**DESCRIPTION OF THE TASK**
Beginning with the opening line, set down each line of the material below exactly, stopping once the line with "15 The Timeless" is done.

**SUPPLIED ENTRIES**

-------

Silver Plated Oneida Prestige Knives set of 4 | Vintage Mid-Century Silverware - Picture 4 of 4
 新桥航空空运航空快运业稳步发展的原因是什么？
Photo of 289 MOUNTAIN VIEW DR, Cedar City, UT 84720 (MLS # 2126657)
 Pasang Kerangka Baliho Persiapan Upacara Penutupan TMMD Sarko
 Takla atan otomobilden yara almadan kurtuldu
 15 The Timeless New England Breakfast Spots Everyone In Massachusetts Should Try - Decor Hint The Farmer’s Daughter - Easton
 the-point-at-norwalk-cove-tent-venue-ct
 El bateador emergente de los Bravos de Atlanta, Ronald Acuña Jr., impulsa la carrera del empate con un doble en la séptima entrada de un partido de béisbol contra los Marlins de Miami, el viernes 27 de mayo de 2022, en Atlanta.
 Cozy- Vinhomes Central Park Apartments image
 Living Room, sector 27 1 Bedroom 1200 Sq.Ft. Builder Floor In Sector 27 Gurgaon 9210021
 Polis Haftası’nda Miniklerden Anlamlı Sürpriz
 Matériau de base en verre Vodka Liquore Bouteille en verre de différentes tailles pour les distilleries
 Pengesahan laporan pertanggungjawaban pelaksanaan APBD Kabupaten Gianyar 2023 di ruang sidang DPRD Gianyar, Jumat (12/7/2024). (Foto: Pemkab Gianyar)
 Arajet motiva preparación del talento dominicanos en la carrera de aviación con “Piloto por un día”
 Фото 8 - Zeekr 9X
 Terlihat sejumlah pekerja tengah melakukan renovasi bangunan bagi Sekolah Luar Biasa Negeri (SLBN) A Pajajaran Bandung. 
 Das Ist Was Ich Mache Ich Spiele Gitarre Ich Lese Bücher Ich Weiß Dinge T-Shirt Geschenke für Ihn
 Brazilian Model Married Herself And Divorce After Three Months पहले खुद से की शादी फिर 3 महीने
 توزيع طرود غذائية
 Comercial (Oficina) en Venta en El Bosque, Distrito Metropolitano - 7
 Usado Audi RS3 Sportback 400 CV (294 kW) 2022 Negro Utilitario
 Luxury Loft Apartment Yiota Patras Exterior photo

-------

**RESULT OF THIS EXERCISE**
Silver Plated Oneida Prestige Knives set of 4 | Vintage Mid-Century Silverware - Picture 4 of 4
 新桥航空空运航空快运业稳步发展的原因是什么？
Photo of 289 MOUNTAIN VIEW DR, Cedar City, UT 84720 (MLS # 2126657)
 Pasang Kerangka Baliho Persiapan Upacara Penutupan TMMD Sarko
 Takla atan otomobilden yara almadan kurtuldu
 15 The Timeless New England Breakfast Spots Everyone In Massachusetts Should Try - Decor Hint The Farmer’s Daughter - Easton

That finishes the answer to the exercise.